Hitting theaters 27 years after the IT miniseries starring Tim Curry as the murderous Pennywise the Dancing Clown terrified TV viewers, director Andy Muschietti's feature film version of IT was not only a hit with critics, it essentially doubled the amount of money it was projected to make in its opening weekend (which was initially predicted to be in the $50 million to $60 million range).
Now, thanks to its stunning over-performance at the box office, the new IT, starring Bill Skarsgard as Pennywise, will become the highest grossing King adaptation in its fifth day of release. According to Deadline, the film is expected to make enough money domestically on Tuesday to surpass 1999's The Green Mile, which earned $136 million during its theatrical run.
IT, by contrast, has earned $132.2 million through Monday, and is expected to easily eclipse The Green Mile's record sometime Tuesday. To date, there have been 33 King movie adaptations. Following The Green Mile, the third highest grossing King adaptation of all time domestically is 2007's 1408, which earned $71.9 million in its theatrical run. No. 4 is 1990's Misery (which earned star Kathy Bates a Best Actress Oscar), which earned $61.2 million, followed by Pet Sematary at No. 5, which earned $57.4 million in 1989.
Deadline is basing its estimates on IT's big business on Monday, when the film earned $8.8 million. The amount made yesterday (at the time of writing this) was enough to make IT's take the biggest Monday at the September domestic box office ever.
In all likelihood, the records set by IT over the weekend and on Monday won't be the last ones the industry will see. Clearly the film is already a phenomenon - and at this point, IT will outdistance previous King films in terms of box office gross by tens of millions of dollars before it ends its theatrical run.

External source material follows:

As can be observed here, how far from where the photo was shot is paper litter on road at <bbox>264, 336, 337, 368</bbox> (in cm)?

At this juncture, it's hard to say if any future King adaptations will give IT a run for its money domestically, save the already hotly anticipated sequel (which officially still hasn't received a greenlight). It's all but a foregone conclusion, though, since Andy Muschietti and his sister, producer Barbara Muschietti, have already been divulging plans for the sequel including the huge presence of the young versions of the Losers Club in flashback scenes.